The 95% EtOH extract of fresh aerial parts of PHT exhibited potent LDL-antioxidant activity (43.7 ± 0.6% inhibition at 20 μg/mL) and the n-hexane, CHCl₃, and 10% aqueous MeOH fractions exhibited LDL-antioxidant activities with 18.9 ± 1.8%, 94.6 ± 1.1%, and 23.5 ± 0.2% inhibition at 20 μg/mL, respectively. In addition, compounds 1–3 and 5–7 exhibited potent LDL-antioxidant activities in the TBARS assays with IC₅₀ values of 2.8, 1.5, 2.5, 3.8, 22.8, and 53.7 µM, respectively, whereas the two sesquiterpenes (compounds 4 and 8) were not active, and the IC₅₀ values of the positive control, BHT and l-ascorbic acid were 1.9 and 60.2 µM, respectively (Table 1). In the present study, the LDL-antioxidant activities of flavonoids 3, 5, 6, and 7 are reported for the first time and the activities of flavonoids 3 and 5 were much higher than that of l-ascorbic acid.

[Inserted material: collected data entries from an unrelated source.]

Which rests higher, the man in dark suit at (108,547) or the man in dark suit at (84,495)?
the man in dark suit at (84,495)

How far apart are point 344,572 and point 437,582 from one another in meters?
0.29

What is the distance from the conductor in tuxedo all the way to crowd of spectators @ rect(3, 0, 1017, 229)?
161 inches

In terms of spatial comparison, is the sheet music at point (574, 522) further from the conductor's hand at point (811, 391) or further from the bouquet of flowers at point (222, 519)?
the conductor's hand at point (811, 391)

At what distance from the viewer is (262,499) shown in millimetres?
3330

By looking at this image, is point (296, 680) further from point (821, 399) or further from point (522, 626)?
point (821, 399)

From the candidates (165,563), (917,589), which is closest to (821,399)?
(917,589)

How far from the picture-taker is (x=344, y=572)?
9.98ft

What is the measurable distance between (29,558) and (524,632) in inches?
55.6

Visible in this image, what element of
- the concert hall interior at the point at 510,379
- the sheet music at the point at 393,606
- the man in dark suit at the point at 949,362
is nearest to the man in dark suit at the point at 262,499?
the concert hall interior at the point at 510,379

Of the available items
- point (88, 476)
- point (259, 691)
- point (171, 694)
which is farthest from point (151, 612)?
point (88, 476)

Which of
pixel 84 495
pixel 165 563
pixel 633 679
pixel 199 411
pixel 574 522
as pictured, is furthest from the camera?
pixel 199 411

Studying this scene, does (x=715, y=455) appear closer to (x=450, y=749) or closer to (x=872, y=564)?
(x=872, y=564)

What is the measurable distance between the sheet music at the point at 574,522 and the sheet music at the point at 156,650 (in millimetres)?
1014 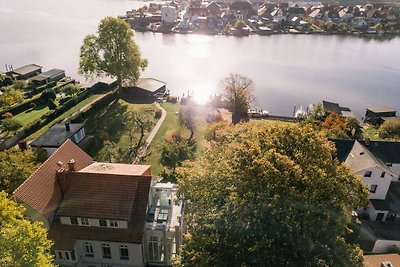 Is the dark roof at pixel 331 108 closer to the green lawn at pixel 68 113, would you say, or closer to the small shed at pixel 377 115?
the small shed at pixel 377 115

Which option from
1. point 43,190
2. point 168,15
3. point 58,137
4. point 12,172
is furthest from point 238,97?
point 168,15

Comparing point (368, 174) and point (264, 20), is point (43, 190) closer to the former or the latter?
point (368, 174)

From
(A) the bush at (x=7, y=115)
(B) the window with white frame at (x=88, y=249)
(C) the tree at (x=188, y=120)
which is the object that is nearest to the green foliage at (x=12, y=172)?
(B) the window with white frame at (x=88, y=249)

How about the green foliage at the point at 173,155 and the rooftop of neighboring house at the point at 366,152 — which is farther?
the green foliage at the point at 173,155

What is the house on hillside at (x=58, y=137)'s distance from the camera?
40.6m

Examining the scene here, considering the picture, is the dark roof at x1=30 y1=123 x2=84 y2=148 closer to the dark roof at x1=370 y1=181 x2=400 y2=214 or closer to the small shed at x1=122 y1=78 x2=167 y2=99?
the small shed at x1=122 y1=78 x2=167 y2=99

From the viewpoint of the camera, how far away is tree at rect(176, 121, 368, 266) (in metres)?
19.6

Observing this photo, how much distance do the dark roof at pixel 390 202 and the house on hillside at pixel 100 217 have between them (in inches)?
877

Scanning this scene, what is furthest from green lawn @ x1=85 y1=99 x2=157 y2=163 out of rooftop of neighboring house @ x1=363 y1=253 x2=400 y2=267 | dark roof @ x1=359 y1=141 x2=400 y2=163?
dark roof @ x1=359 y1=141 x2=400 y2=163

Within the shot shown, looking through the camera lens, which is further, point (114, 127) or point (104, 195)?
point (114, 127)

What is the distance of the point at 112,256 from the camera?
91.2 ft

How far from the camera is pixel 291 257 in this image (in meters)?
19.4

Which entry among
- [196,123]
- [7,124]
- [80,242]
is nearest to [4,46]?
[7,124]

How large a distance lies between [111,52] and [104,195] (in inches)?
1562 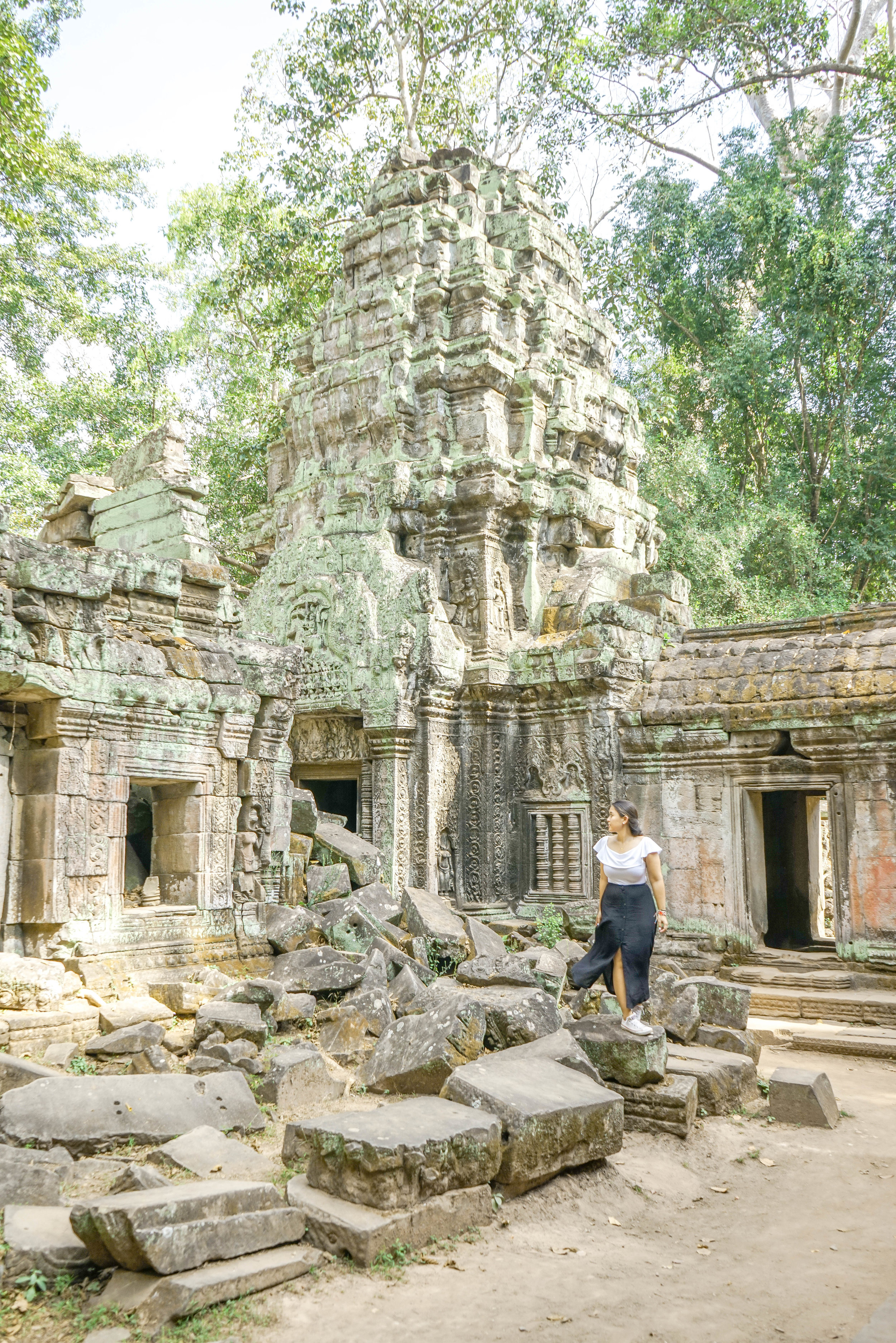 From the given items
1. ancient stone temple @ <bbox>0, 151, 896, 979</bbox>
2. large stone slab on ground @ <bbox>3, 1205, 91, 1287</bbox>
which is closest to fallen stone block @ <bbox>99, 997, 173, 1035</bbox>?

Typically, LDL-antioxidant activities of phenolics and flavonoids are highly dependent on the configuration, position, and total number of hydroxyl groups [24,25,26], and indeed, compound 2, which 3,4-dihydroxy, 3′,4′-dihydroxy, exhibited the highest LDL-antioxidant activity and is already known for its LDL-antioxidant activity [27, 28]. Furthermore, when we delineated the LDL-antioxidant activities of the flavonoids 1, 3, and 5–7 according to their structure–activity relationships. (i) a 3′,4′-catechol structure in the B-ring of the flavonoid skeleton strongly enhanced the inhibition of LDL-oxidation [29, 30]; (ii) benzene-ring methoxyl groups of phenols, especially A and B-ring methoxyl groups of the flavonol skeleton, decreased LDL-antioxidant activity, as was observed for compounds 1 (IC₅₀ = 2.8 µM), 3 (IC₅₀ = 2.5 µM), 5 (IC₅₀ = 3.8 µM), 6 (IC₅₀ = 22.8 µM), and 7 (IC₅₀ = 53.7 µM); and (iii) an A-ring glycosyl group of the flavone skeleton retained or slightly enhanced the antioxidant activity, as indicated by comparing the activities of compounds 1 and 5.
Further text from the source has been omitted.